Apple's (AAPL) Delaware Store Claims Title for Selling Most iPhones

Apple's store in Delaware's Christiana mall beats all others in selling iPhones.

ByABC News
November 12, 2013, 7:14 AM
People crowd in front of an Apple store in Munich, Germany, in this March 16, 2012 photo.
People crowd in front of an Apple store in Munich, Germany, in this March 16, 2012 photo.
Michaela Rehle/Reuters

CHRISTIANA, Del. Nov. 12, 2013 -- Sales clerks at an Apple store in Delaware proudly tell customers what Apple headquarters seems intent on keeping secret. The store sells more iPhones than any store in the country.

The store is located in the Christiana Mall, about halfway between Newark and Wilmington in the northern part of the state.

The enormous mall attracts buses of shoppers from across the line in New Jersey to the north and Maryland to the west as well as from further away like New York and Pennsylvania. The attraction is Delaware's lack of a sales tax.

The result: "We sell more iPhones than anyone," a clerk said proudly this past weekend.

Apple refuses to confirm which of its stores is the top seller. An Apple spokesperson tells ABC News that the company does not release sales information beyond the disclosures made in its financial reports, which do not break out performance numbers for specific stores.

But sales staff at the Christiana Mall store are quick to brag.
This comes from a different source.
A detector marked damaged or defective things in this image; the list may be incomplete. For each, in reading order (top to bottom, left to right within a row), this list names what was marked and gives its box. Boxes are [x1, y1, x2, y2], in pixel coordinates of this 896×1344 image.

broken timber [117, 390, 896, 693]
"The only store that does more volume is the glass box on Manhattan's Fifth Avenue and that is open 24 hours a day. But no one sells more phones than we do," a Christiana clerk told ABCNews.com.
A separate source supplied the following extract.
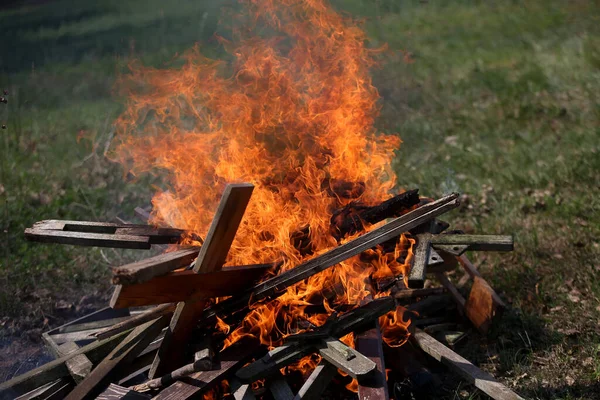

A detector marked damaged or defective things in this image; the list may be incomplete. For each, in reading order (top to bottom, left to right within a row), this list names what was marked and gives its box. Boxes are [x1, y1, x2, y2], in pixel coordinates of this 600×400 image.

The salesman echoed what ABCNews.com was told on a visit a few weeks earlier and both salespeople said they were told of their ranking by their store bosses. The names are being withheld because they are not authorized to speak for Apple.

One clerk told ABCNews.com that the store and its lack of a sales tax is popular with people who buy dozens, sometimes hundreds of phones at a time and take them to foreign countries to resell them at a profit.
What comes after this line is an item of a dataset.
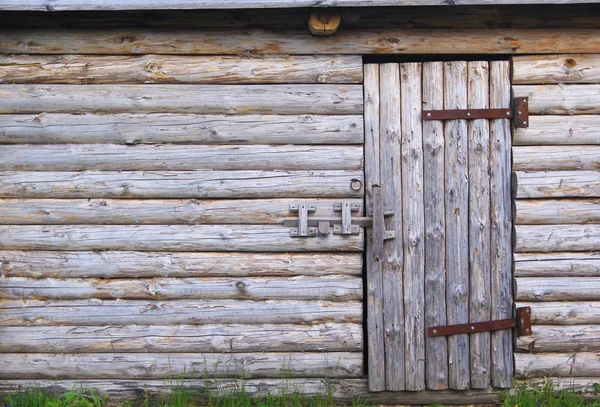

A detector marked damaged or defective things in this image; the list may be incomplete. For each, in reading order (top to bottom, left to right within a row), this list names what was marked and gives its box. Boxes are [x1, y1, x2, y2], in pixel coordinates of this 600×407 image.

rusty iron hinge [422, 96, 528, 128]
rusty iron hinge [288, 202, 398, 241]
rusty iron hinge [428, 306, 532, 338]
The manager of an Aerosoles shoe store near the Apple outlet told ABC News that chartered buses full of shoppers arrive at the Apple. "They've got New York plates," she said.

Stephen Baker, vice president of industry analysis for NPD, a consumer marketing consultancy, says Apple stores in general have the highest gross sales per square foot of any in retailing, higher even than those of jewelry stores, including Tiffany's.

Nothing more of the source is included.